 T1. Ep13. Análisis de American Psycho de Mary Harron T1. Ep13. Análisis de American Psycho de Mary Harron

= = = = =

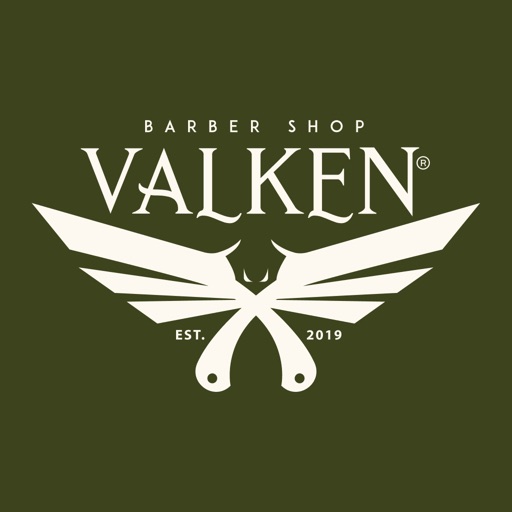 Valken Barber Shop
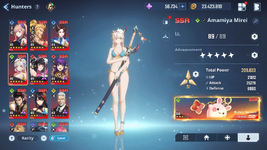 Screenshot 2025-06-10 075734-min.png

= = = = =

> _Goal of the exercise_:
Transcribe, word for word, the lines of the listing above from the one that contains "Valken Barber Shop" through the one that contains "Screenshot 2025-06-10 075734-min.png", keeping both ends and dropping the pictures.

> _Output below_:
 Valken Barber Shop
 Screenshot 2025-06-10 075734-min.png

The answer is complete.